*** Provided entries ***

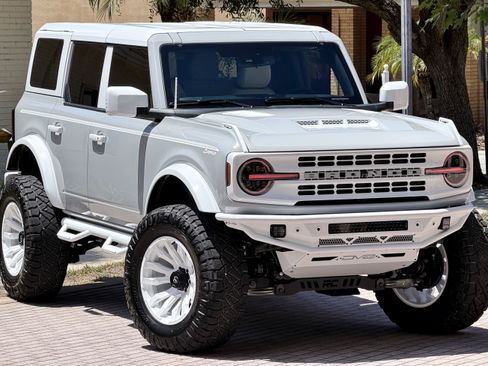 Used 2026 Ford Bronco Outer Banks AWD/4WD image 41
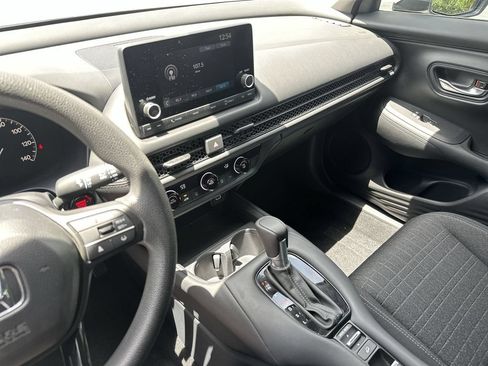 Certified 2024 Honda HR-V LX image 24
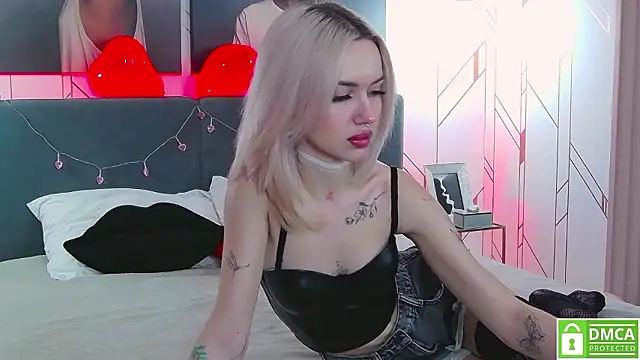 Snapshot of JosephineRowe chatting on March 2026 07:15:01 AM JosephineRowe online show from March 2026 07:15:01 AM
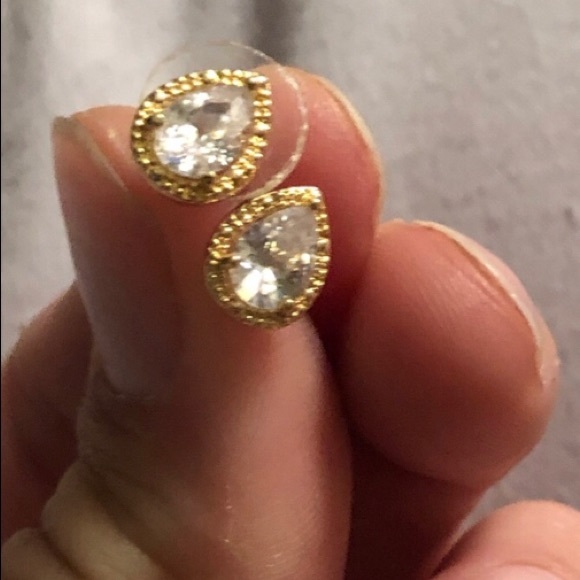 10k gold earrings with 1ct teardrop sapphires. - Picture 1 of 3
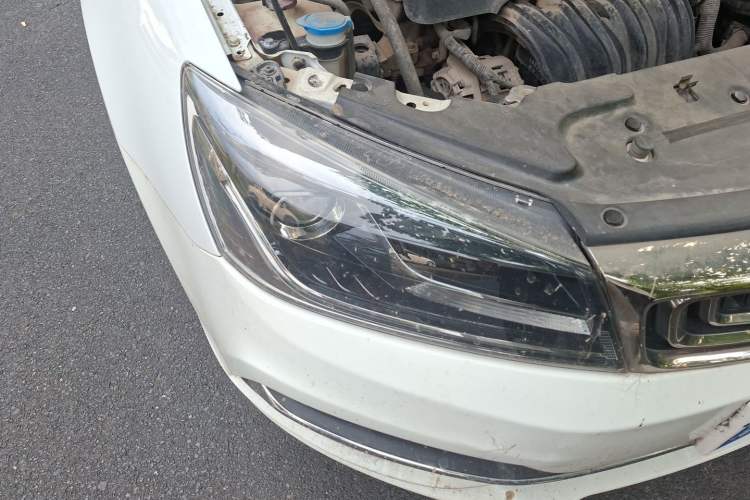 Used Geely Auto Emgrand 2018 1.5L Manual Upward Connect Edition Right Front Headlight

*** End of Provided entries ***

→ What you have to do
Retype the entries above exactly. Stop after the line containing "Snapshot of JosephineRowe", and omit the pictures.

→ Your solution
 Used 2026 Ford Bronco Outer Banks AWD/4WD image 41
 Certified 2024 Honda HR-V LX image 24
 Snapshot of JosephineRowe chatting on March 2026 07:15:01 AM JosephineRowe online show from March 2026 07:15:01 AM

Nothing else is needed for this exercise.